Either way, here are some signs that your child might be being slow coded:
  1. They are very keen for you to go home as soon as possible, despite having not done any investigations.
  2. They blame the child's behaviour or personality for out-of-range observations: "Sats are low because he's fussy"; "He's a naughty one".
  3. They accept parameters that they don't accept in other children and describe it as "just [your child]". For example, they accept high work of breathing or low oxygen saturations and don't give a strong medical reason as to why it is different for your child than others.

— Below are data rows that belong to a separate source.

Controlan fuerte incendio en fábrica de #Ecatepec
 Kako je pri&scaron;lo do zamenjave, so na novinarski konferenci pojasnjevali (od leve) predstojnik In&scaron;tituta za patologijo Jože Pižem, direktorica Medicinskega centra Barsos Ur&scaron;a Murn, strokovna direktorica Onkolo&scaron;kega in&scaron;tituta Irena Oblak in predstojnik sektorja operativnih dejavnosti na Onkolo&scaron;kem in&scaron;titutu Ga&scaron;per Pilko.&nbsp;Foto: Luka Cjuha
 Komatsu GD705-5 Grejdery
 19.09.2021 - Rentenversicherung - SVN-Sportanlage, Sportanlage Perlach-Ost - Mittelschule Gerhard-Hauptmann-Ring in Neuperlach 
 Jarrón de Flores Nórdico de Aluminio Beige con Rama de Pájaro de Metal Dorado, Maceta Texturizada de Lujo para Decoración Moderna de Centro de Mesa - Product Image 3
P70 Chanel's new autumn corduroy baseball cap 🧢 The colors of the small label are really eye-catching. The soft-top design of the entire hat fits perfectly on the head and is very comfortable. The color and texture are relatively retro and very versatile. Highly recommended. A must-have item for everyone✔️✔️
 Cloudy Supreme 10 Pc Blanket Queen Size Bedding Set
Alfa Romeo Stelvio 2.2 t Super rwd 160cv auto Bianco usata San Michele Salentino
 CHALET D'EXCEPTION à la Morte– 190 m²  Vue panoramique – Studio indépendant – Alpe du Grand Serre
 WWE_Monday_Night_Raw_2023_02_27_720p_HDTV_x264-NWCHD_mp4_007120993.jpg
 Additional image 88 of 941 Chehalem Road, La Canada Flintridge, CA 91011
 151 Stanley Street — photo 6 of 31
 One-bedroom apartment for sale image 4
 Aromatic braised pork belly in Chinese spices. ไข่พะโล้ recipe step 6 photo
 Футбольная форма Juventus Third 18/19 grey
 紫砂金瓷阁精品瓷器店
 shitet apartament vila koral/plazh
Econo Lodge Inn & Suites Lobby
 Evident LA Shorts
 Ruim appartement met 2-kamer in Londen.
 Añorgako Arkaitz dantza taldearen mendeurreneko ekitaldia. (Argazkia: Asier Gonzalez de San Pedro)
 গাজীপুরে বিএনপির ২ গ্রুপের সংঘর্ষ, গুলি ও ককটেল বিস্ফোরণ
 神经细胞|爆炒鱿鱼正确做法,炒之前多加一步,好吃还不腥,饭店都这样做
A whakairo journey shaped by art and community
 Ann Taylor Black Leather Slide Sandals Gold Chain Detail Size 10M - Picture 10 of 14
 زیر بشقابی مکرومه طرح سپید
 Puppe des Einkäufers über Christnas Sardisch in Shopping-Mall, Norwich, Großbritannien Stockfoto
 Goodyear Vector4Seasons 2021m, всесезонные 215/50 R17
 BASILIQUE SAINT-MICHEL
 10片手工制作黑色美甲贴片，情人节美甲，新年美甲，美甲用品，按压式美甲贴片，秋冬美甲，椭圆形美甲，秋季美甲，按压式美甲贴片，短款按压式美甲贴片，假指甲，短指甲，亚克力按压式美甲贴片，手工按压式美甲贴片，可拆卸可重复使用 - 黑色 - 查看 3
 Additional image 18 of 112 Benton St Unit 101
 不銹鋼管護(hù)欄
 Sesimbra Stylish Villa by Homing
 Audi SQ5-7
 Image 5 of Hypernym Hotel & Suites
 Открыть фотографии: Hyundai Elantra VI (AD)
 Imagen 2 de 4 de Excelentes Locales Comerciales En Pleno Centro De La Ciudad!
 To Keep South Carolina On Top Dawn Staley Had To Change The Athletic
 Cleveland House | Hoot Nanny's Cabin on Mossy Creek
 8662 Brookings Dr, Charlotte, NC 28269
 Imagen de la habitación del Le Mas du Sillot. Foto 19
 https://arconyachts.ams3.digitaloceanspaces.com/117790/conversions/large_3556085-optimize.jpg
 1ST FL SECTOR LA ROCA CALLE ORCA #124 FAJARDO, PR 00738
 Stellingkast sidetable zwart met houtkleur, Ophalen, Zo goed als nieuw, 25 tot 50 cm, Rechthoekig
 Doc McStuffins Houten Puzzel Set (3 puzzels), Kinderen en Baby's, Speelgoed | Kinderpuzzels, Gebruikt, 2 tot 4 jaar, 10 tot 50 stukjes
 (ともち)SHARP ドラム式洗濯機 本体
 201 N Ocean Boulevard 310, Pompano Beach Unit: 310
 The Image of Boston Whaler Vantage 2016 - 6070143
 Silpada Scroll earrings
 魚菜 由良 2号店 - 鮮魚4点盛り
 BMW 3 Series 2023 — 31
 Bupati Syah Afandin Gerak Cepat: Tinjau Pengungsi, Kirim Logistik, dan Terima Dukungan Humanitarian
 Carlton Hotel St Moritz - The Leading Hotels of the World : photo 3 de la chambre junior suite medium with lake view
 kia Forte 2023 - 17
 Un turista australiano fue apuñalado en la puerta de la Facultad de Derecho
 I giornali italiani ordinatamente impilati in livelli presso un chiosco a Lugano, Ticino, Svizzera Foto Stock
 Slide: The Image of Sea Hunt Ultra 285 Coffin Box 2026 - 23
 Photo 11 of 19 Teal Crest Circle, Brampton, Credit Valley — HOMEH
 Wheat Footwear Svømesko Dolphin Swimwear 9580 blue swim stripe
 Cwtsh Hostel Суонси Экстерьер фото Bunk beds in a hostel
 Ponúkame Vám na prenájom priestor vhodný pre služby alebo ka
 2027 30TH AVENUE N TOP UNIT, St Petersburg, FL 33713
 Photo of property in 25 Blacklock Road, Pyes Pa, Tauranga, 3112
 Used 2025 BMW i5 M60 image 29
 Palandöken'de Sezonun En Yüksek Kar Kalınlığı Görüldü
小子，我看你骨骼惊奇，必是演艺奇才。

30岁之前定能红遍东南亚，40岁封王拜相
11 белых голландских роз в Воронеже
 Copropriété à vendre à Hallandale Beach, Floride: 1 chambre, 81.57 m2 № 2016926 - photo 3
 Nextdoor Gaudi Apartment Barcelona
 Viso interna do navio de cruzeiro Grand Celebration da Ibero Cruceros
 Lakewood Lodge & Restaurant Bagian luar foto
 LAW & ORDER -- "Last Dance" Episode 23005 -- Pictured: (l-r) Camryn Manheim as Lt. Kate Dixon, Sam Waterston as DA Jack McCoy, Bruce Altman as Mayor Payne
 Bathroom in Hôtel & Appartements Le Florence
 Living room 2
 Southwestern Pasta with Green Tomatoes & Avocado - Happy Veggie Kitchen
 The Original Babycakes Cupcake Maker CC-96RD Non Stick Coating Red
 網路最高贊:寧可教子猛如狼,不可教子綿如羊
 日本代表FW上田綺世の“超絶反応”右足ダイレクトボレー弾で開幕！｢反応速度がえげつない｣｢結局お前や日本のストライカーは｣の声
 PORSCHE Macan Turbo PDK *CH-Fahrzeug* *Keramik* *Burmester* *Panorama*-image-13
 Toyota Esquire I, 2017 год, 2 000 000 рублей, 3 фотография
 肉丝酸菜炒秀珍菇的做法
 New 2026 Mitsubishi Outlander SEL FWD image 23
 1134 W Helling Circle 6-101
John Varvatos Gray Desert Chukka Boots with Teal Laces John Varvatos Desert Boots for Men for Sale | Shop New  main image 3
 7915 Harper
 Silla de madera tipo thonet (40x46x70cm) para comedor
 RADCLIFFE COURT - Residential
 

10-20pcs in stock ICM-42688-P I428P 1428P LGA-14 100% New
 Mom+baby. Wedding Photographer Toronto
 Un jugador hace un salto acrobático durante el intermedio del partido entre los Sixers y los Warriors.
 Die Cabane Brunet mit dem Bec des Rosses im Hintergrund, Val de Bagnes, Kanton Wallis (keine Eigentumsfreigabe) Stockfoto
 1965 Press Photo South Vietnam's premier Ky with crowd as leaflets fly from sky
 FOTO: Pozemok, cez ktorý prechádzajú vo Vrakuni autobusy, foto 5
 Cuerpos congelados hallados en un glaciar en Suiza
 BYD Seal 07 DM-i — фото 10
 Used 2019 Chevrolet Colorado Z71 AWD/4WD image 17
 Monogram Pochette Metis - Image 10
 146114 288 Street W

  4. They take a very long time to do anything. There is always an excuse: weekends, bank holidays, annual leave, other units not getting back to them.
  5. They are keen to give you low-level treatments such as paracetamol or oxygen, but very reluctant to give high-level treatments, telling you that your child doesn't need them.
  6. You feel you are being fobbed off but you're not sure how, or how to challenge it.
  7. Other parents are telling you what treatments or investigations to ask for, but your medics always have a reason as to why you your child doesn't need them.
  8. The level of care your child is given doesn't seem the same as other children in the ward.
  9. Nothing much is being done for your child at all. There doesn't seem to be a plan for investigations and treatment; things have stayed static for a long time.
  10. Everyone is very kind and sympathetic to you (this is usually a sign that you're not being difficult enough).
  11. They blame your child's clinical symptoms on 'the underlying condition' or 'trisomy 18'. If you object, they still do it; they just get cagey and hint.


What can you do in a slow code situation?

  • Ask for a second opinion.
  • If you think you're being fobbed off, ask them to put their statements in writing. They may balk at writing down that your child does not have an infection when they haven't actually tested for it.
  • Be very clear that you want full treatment and that you will be pursuing the matter if it is not provided.
  • Do not accept 'underlying condition' as an explanation. Repeat: "Nobody dies of trisomy 18."
  • Listen to people on the internet and evaluate their suggestions. Be suspicious if your medics say things like, "Things are different in America," or if they say that everything you suggest is not appropriate for your child. You should of course be suspicious of people on the internet too, but with a child with T18, you cannot fully trust medics either.
  • Do not accept delays. If you don't get responses, or they insist on waiting for X, Y and Z, then push harder or escalate.
  • Do not go home if you're not happy.
  • Do not accept that out-of-range parameters are 'just [your child]'. Demand to know why your child's clinical situation justifies those parameters, and demand that they are appropriately investigated.
  • Get an advocate involved to help you challenge effectively.
  • Don't be afraid of being difficult. If you think they think you are difficult, you are probably challenging effectively.